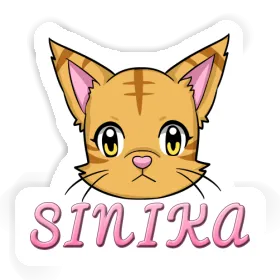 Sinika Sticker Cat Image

---

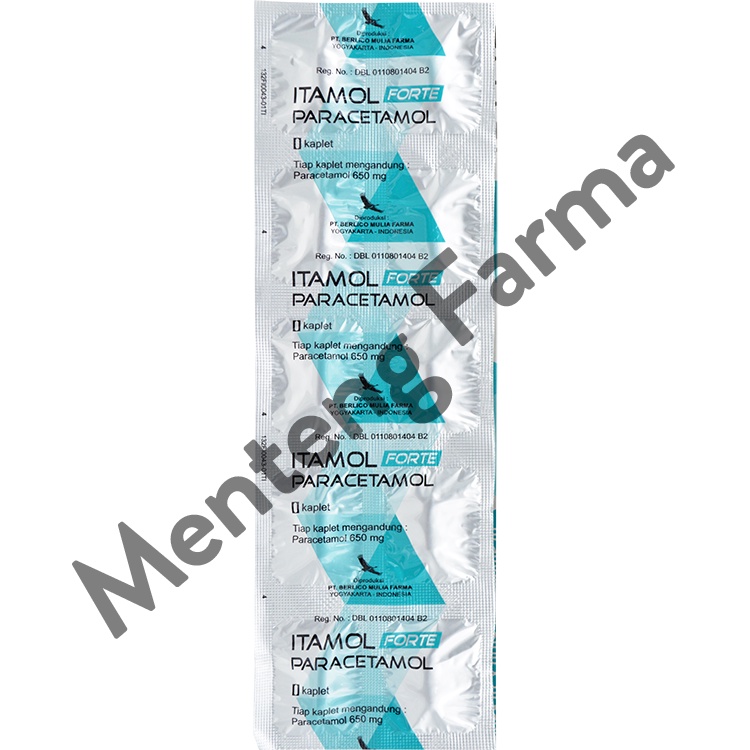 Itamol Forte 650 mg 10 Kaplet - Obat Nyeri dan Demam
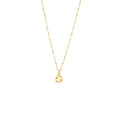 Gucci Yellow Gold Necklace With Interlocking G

* **Exercise instructions**: Only one stretch of the listing is wanted: the lines starting at the one with "Itamol Forte 650" and ending at the one with "Gucci Yellow Gold", copied exactly and free of pictures.

* **Exercise output**:
 Itamol Forte 650 mg 10 Kaplet - Obat Nyeri dan Demam
 Gucci Yellow Gold Necklace With Interlocking G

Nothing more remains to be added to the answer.